WHAT THE TASK ASKS
Once the pictures are removed, restate the data below word for word.

[[ DATA SECTION, beginning ]]

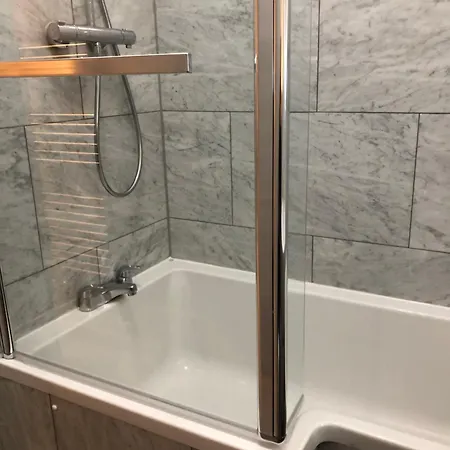 Old Town Flat شقة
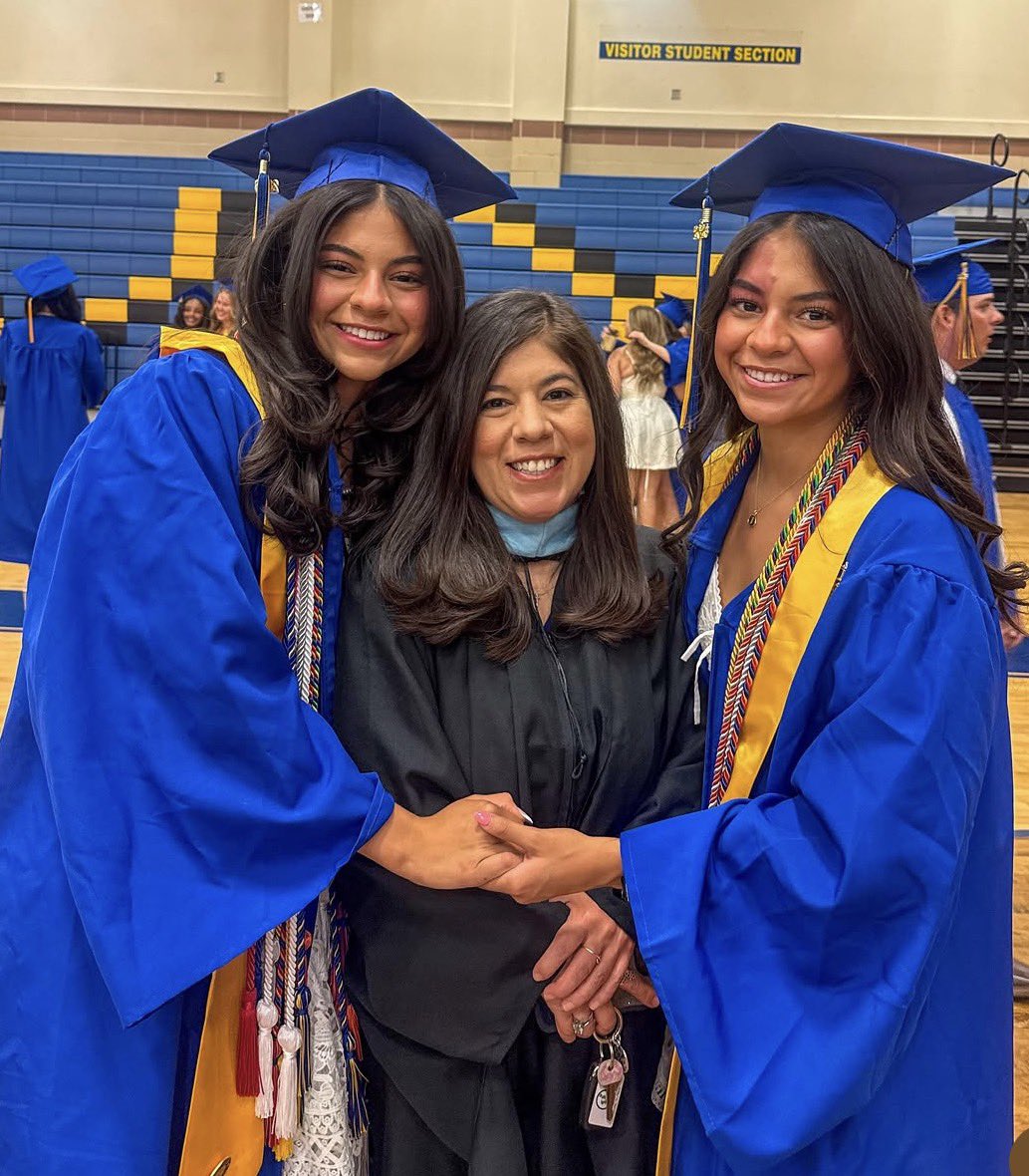 MrsG03812's tweet photo. It was a BIG day for the 3 of us. Twin graduates, selected as HPMS Principal…all 3 of us are Tivy grads. #TFND #KISDisHomeToMe #PetersonProud #TogetherWeCan #KISDinspires @HPetersonMS https://t.co/l5Z3TVqAtI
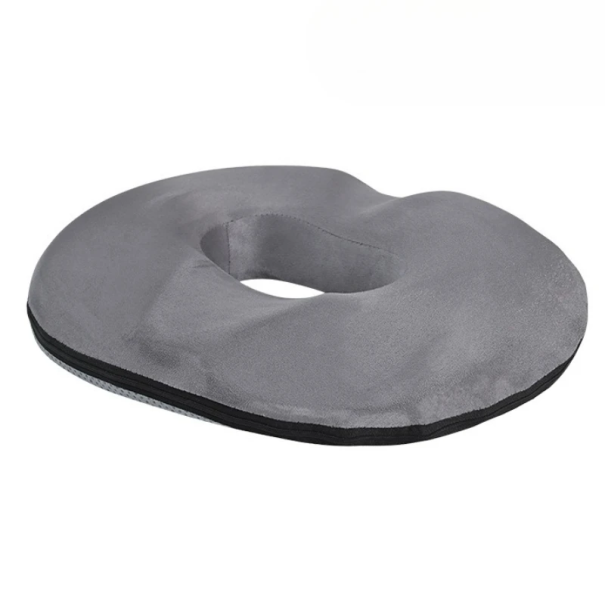 Ortopedický polštár na kostrč z pamäťovej peny 46 x 13 cm Šedý ergonomický sedací polštár vo tvare koblihy pre úľavu od bolesti chrbta a panvy 1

[[ DATA SECTION, end ]]

RESULT BELOW
 Old Town Flat شقة
 MrsG03812's tweet photo. It was a BIG day for the 3 of us. Twin graduates, selected as HPMS Principal…all 3 of us are Tivy grads. #TFND #KISDisHomeToMe #PetersonProud #TogetherWeCan #KISDinspires @HPetersonMS https://t.co/l5Z3TVqAtI
 Ortopedický polštár na kostrč z pamäťovej peny 46 x 13 cm Šedý ergonomický sedací polštár vo tvare koblihy pre úľavu od bolesti chrbta a panvy 1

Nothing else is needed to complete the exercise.